Brown Nicholas J L, MacDonald Douglas A, Samanta Manoj Pratim, Friedman Harris L, Coyne James C
New School of Psychotherapy and Counselling, London NW6 1DF, United Kingdom;
Department of Psychology, University of Detroit Mercy, Detroit, MI 48221-3038;
Proc Natl Acad Sci U S A. 2014 Sep 2;111(35):12705-9. doi: 10.1073/pnas.1407057111. Epub 2014 Aug 25.
Fredrickson et al. [Fredrickson BL, et al. (2013) Proc Natl Acad Sci USA 110(33):13684-13689] claimed to have observed significant differences in gene expression related to hedonic and eudaimonic dimensions of well-being. Having closely examined both their claims and their data, we draw substantially different conclusions. After identifying some important conceptual and methodological flaws in their argument, we report the results of a series of reanalyses of their dataset. We first applied a variety of exploratory and confirmatory factor analysis techniques to their self-reported well-being data. A number of plausible factor solutions emerged, but none of these corresponded to Fredrickson et al.'s claimed hedonic and eudaimonic dimensions. We next examined the regression analyses that purportedly yielded distinct differential profiles of gene expression associated with the two well-being dimensions. Using the best-fitting two-factor solution that we identified, we obtained effects almost twice as large as those found by Fredrickson et al. using their questionable hedonic and eudaimonic factors. Next, we conducted regression analyses for all possible two-factor solutions of the psychometric data; we found that 69.2% of these gave statistically significant results for both factors, whereas only 0.25% would be expected to do so if the regression process was really able to identify independent differential gene expression effects. Finally, we replaced Fredrickson et al.'s psychometric data with random numbers and continued to find very large numbers of apparently statistically significant effects. We conclude that Fredrickson et al.'s widely publicized claims about the effects of different dimensions of well-being on health-related gene expression are merely artifacts of dubious analyses and erroneous methodology.

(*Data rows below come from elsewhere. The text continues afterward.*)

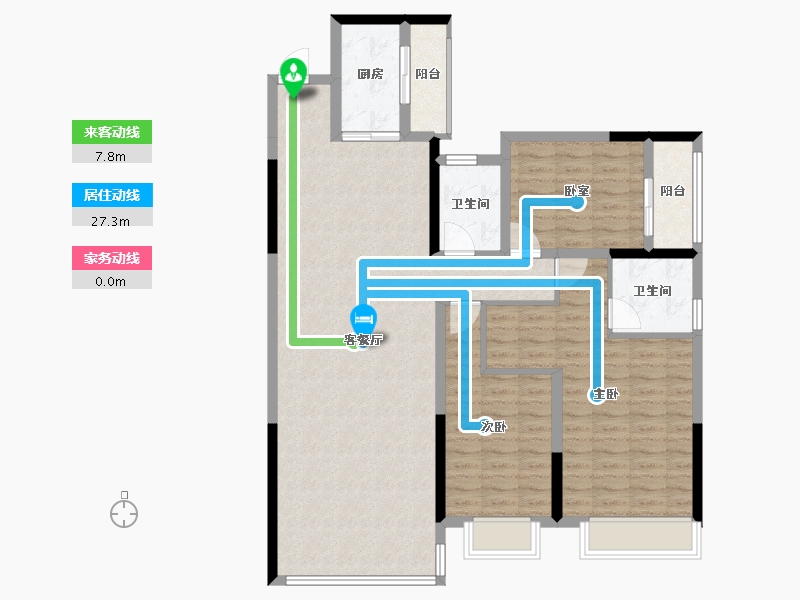 山东省-济南市-嘉州新城-120.00-户型库-动静线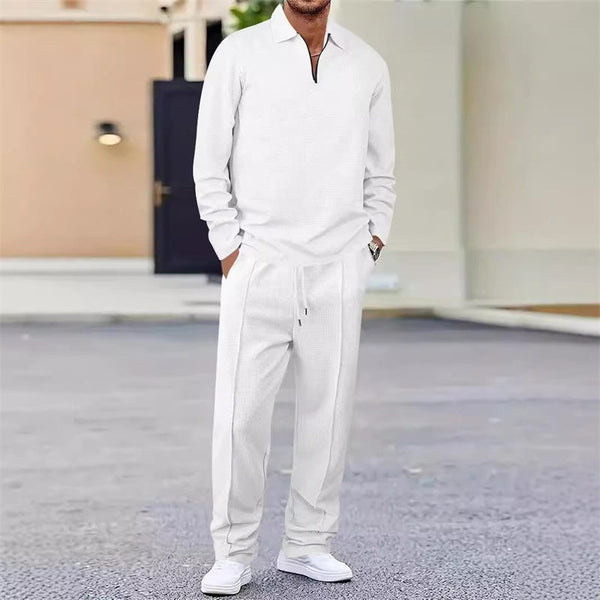 Waffle Knit Lounge Set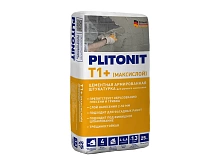 Штукатурка Plitonit для внутренних и наружных работ Т1+ 25кг (48шт/под) — купить штукатурка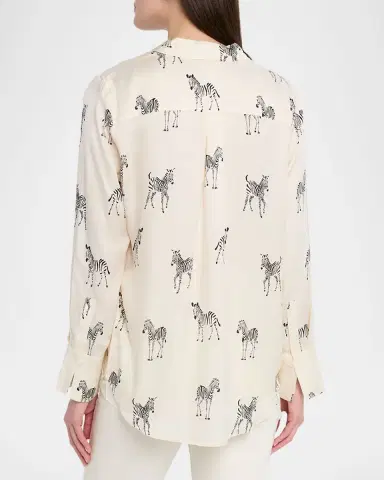 Rails Saige Zebra Button-Front Shirt | Thumbnail 3 Rails Saige Zebra Button-Front Shirt | Thumbnail 3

弗雷德里克森等人[弗雷德里克森·B·L等人(2013年),《美国国家科学院院刊》110(33):13684 - 13689]声称观察到与幸福的享乐维度和自我实现维度相关的基因表达存在显著差异。在仔细审查了他们的主张和数据后,我们得出了截然不同的结论。在识别出他们论证中的一些重要概念和方法缺陷后,我们报告了对其数据集进行一系列重新分析的结果。我们首先对他们自我报告的幸福数据应用了各种探索性和验证性因素分析技术。出现了一些合理的因素解决方案,但这些都与弗雷德里克森等人声称的享乐维度和自我实现维度不对应。接下来,我们检查了那些据称产生了与两个幸福维度相关的不同基因表达差异图谱的回归分析。使用我们确定的最佳拟合双因素解决方案,我们得到的效应几乎是弗雷德里克森等人使用他们有问题的享乐和自我实现因素所发现效应的两倍。然后,我们对心理测量数据的所有可能双因素解决方案进行了回归分析;我们发现其中69.2%的方案对两个因素都给出了具有统计学意义的结果,而如果回归过程真的能够识别独立的差异基因表达效应,预计只有0.25%会如此。最后,我们用随机数替换了弗雷德里克森等人的心理测量数据,仍然发现大量明显具有统计学意义的效应。我们得出结论,弗雷德里克森等人关于幸福不同维度对健康相关基因表达影响的广泛宣传的主张仅仅是可疑分析和错误方法的产物。